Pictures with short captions
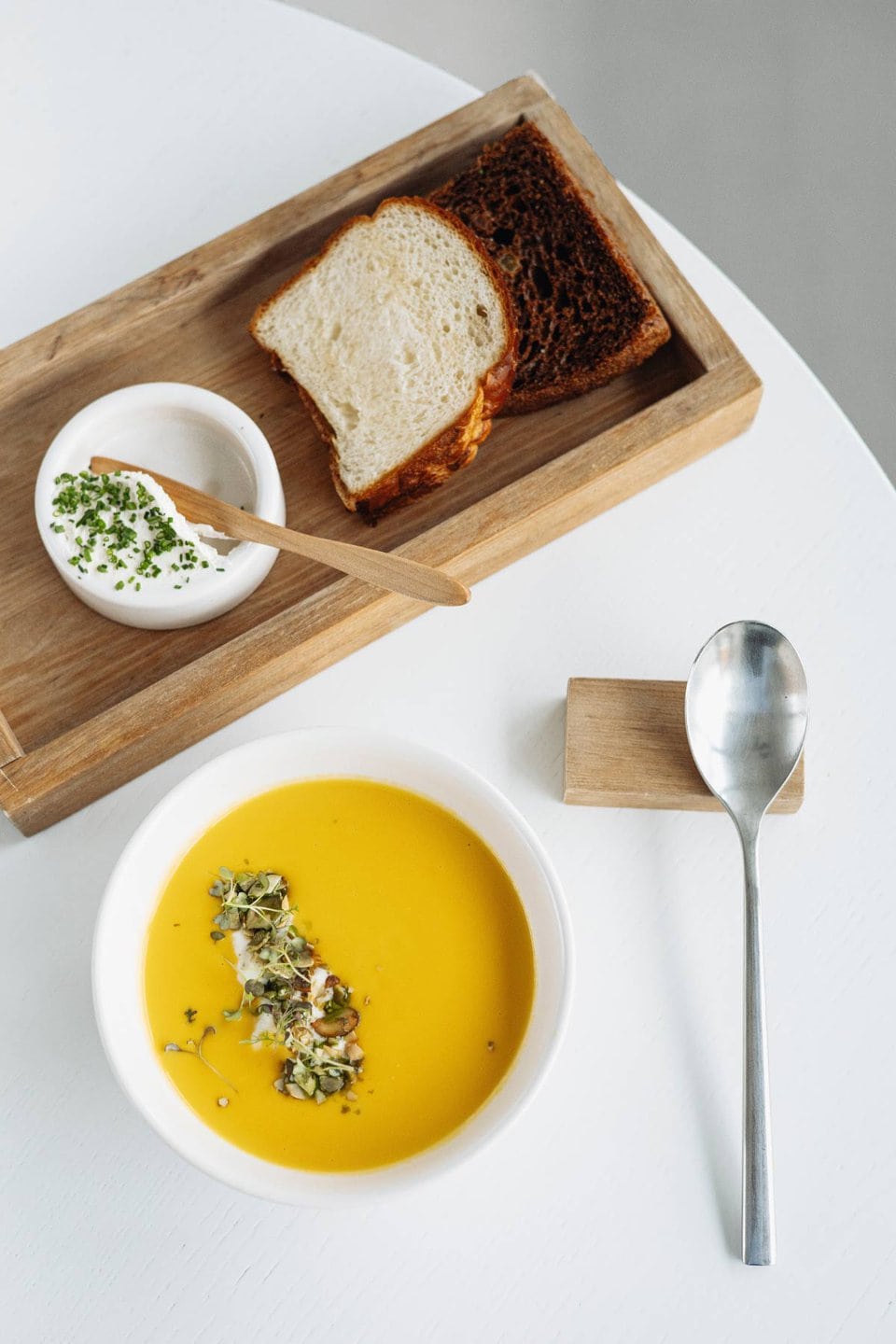 Auf einem weißen Tisch steht eine Schüssel gelbe Suppe, garniert mit Gemüse, neben einem silbernen Löffel. Daneben liegt ein Holztablett mit gerösteten und normalen Brotscheiben, einer kleinen Schüssel weißer Sahne und einem Holzlöffel.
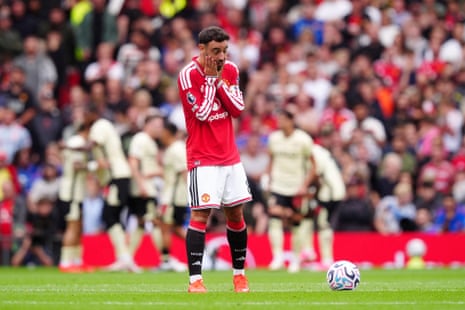 Bruno Fernandes holding his head in his hands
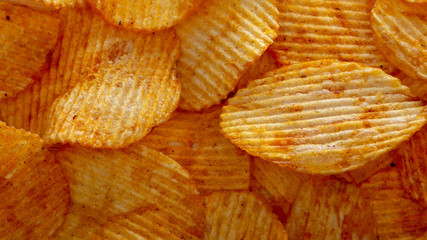 Texture fried golden brown potato chips, close-up
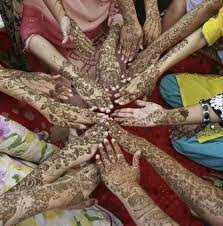 images Multan, Pakistan: Muslim girls show their henna decorated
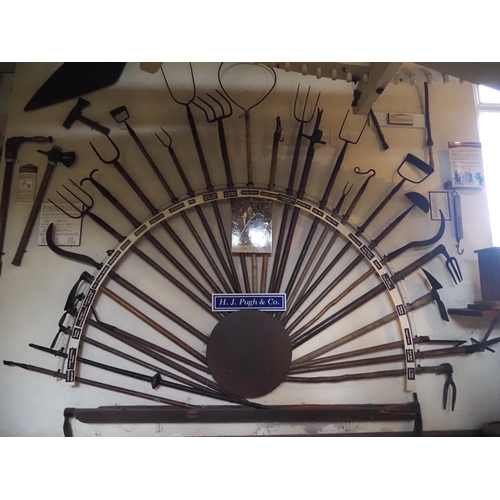 77 - Various early hand tools displayed on rack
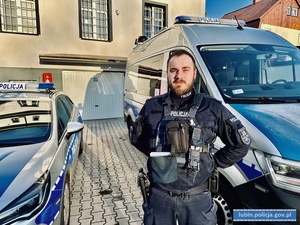 umundurowany policjant sierżant Piotr Czycz stojący przy radiowozie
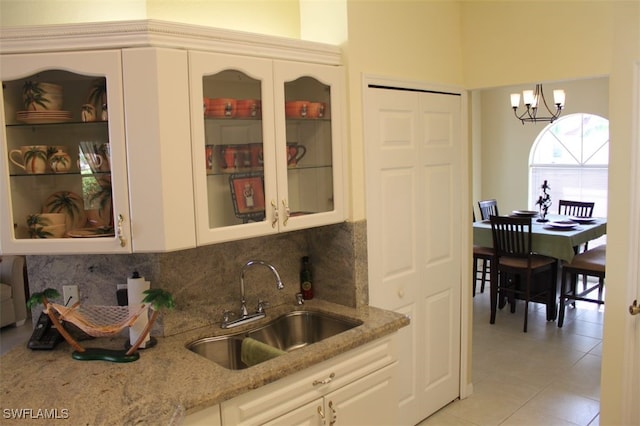 672 Seagrape Dr, Marco Island, FL 34145 - kitchen featuring a sink, a chandelier, light stone counters, and decorative backsplash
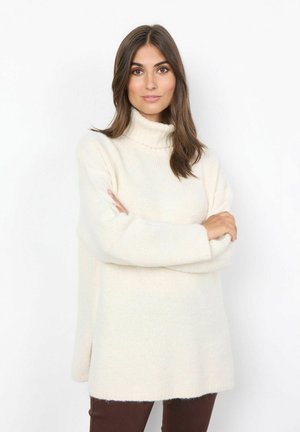 Cremfarbener Rollkragenpullover mit lockerer Passform, grober Strickstruktur, langen Ärmeln und seitlichen Schlitzen. Kombiniert mit braunen, eng anliegenden Hosen.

### WHAT THE TASK REQUIRES
Now write out the data word for word, skipping every picture in it.

### SOLUTION TO THE PROBLEM
 Auf einem weißen Tisch steht eine Schüssel gelbe Suppe, garniert mit Gemüse, neben einem silbernen Löffel. Daneben liegt ein Holztablett mit gerösteten und normalen Brotscheiben, einer kleinen Schüssel weißer Sahne und einem Holzlöffel.
 Bruno Fernandes holding his head in his hands
 Texture fried golden brown potato chips, close-up
 images Multan, Pakistan: Muslim girls show their henna decorated
 77 - Various early hand tools displayed on rack
 umundurowany policjant sierżant Piotr Czycz stojący przy radiowozie
 672 Seagrape Dr, Marco Island, FL 34145 - kitchen featuring a sink, a chandelier, light stone counters, and decorative backsplash
 Cremfarbener Rollkragenpullover mit lockerer Passform, grober Strickstruktur, langen Ärmeln und seitlichen Schlitzen. Kombiniert mit braunen, eng anliegenden Hosen.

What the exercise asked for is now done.